:: Directions ::
A verbatim restatement of the data, free of pictures, is what you should output.

:: Input data ::
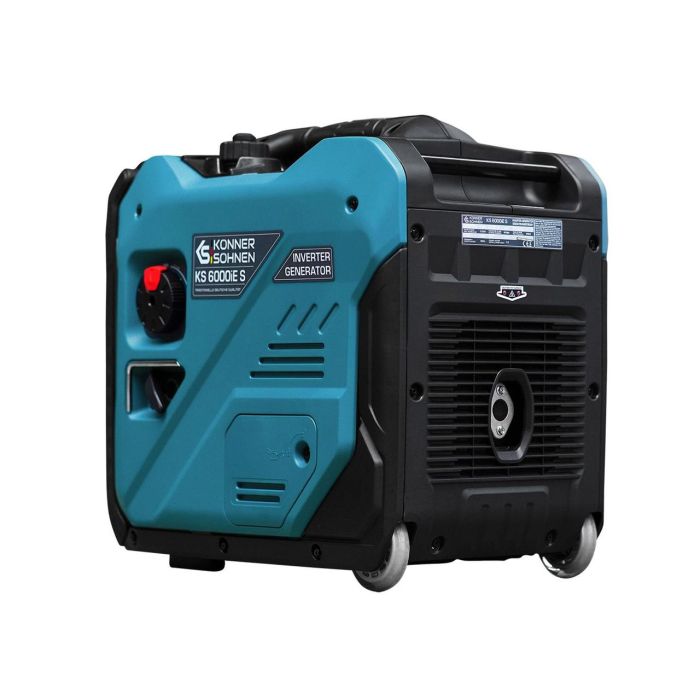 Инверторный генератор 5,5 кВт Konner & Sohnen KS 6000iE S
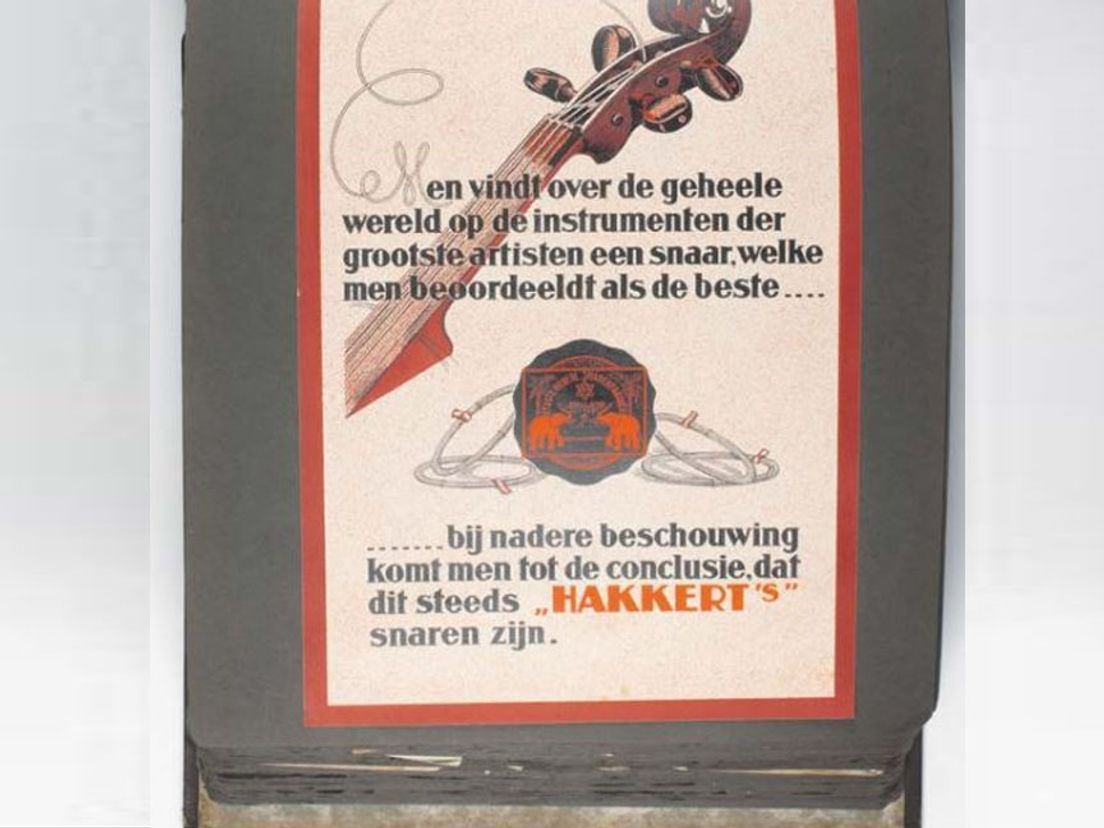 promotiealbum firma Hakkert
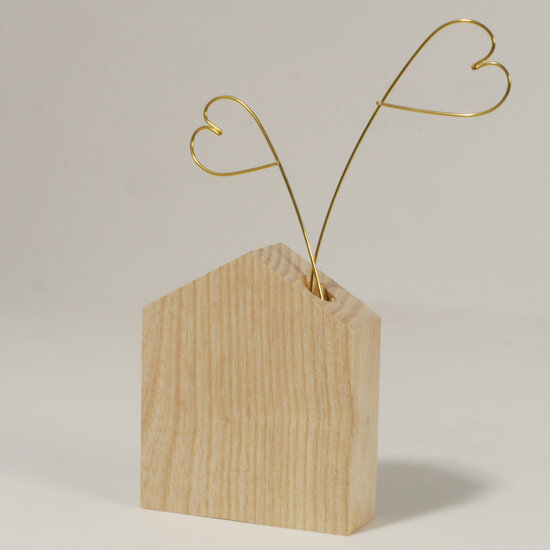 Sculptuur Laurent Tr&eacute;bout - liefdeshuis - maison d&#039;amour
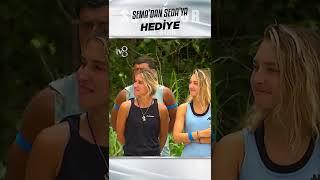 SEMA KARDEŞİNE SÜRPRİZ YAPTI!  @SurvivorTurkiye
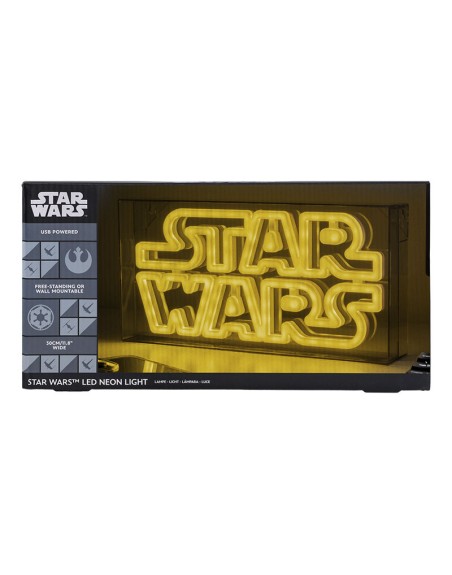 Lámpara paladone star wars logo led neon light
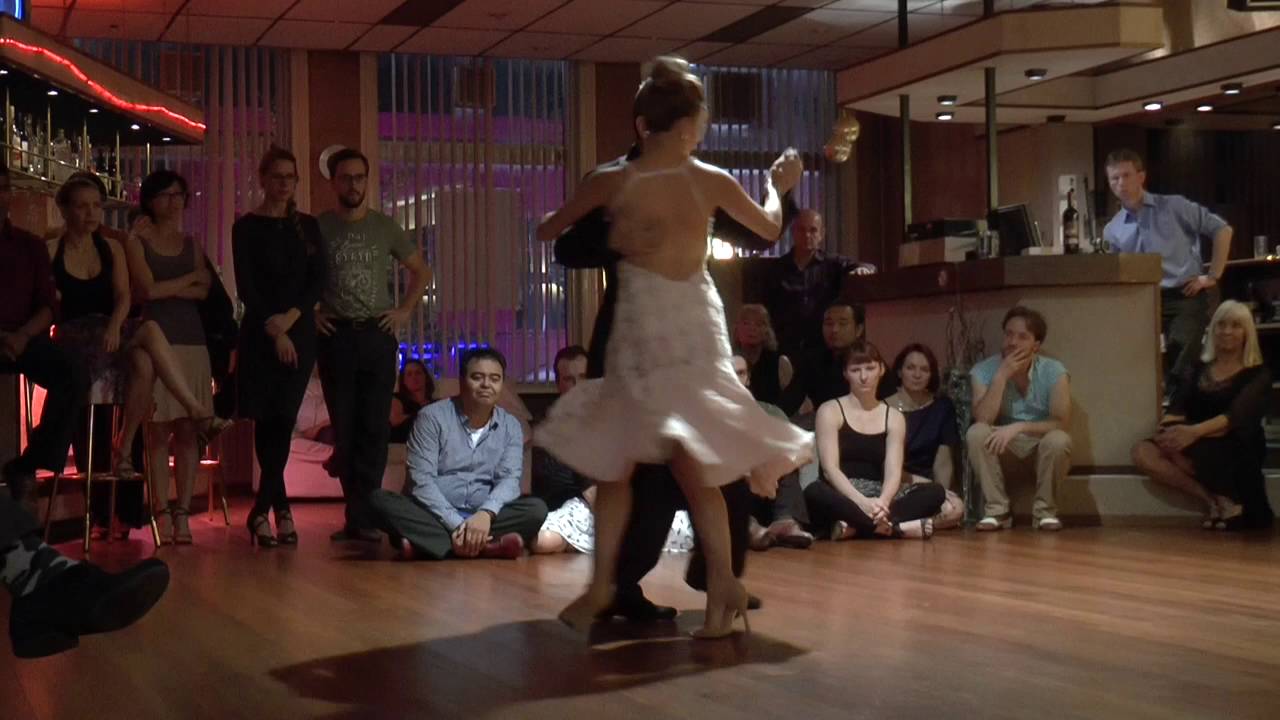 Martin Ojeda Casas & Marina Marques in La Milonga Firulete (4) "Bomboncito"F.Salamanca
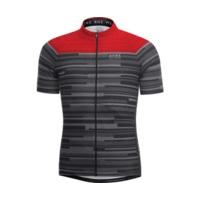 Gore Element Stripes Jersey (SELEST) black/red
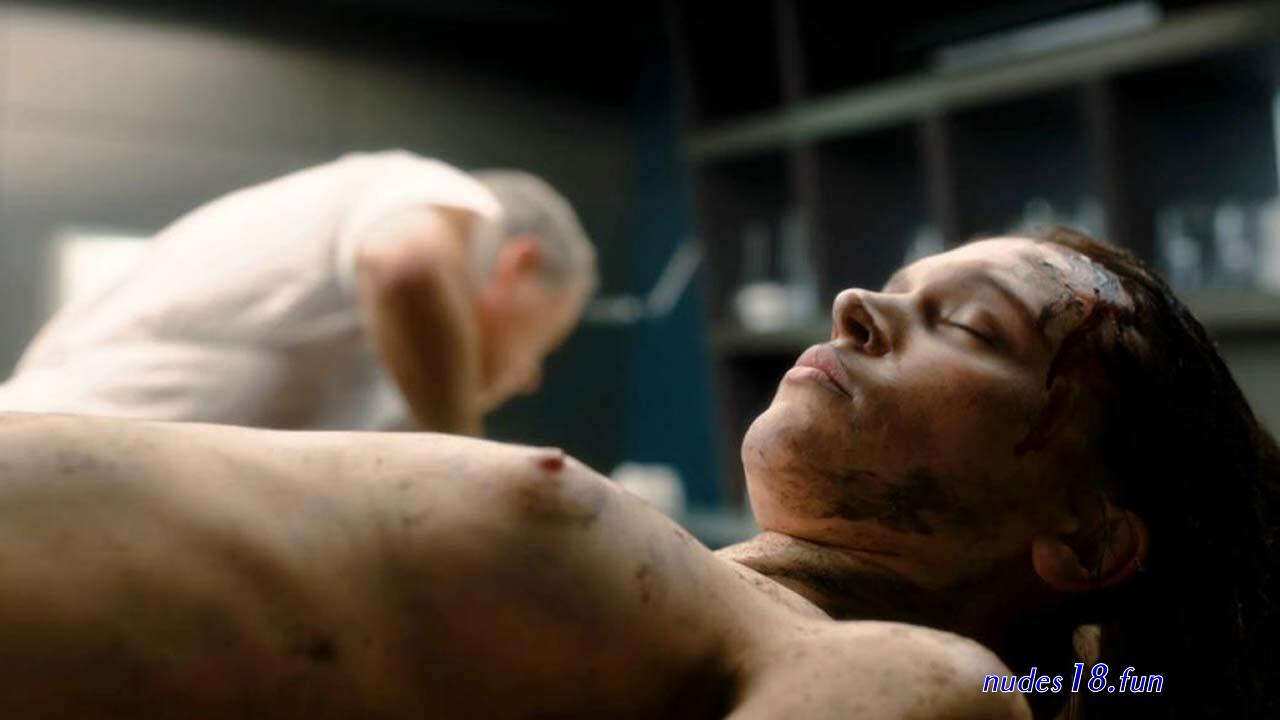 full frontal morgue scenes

:: Answer area ::
 Инверторный генератор 5,5 кВт Konner & Sohnen KS 6000iE S
 promotiealbum firma Hakkert
 Sculptuur Laurent Tr&eacute;bout - liefdeshuis - maison d&#039;amour
 SEMA KARDEŞİNE SÜRPRİZ YAPTI!  @SurvivorTurkiye
 Lámpara paladone star wars logo led neon light
 Martin Ojeda Casas & Marina Marques in La Milonga Firulete (4) "Bomboncito"F.Salamanca
 Gore Element Stripes Jersey (SELEST) black/red
 full frontal morgue scenes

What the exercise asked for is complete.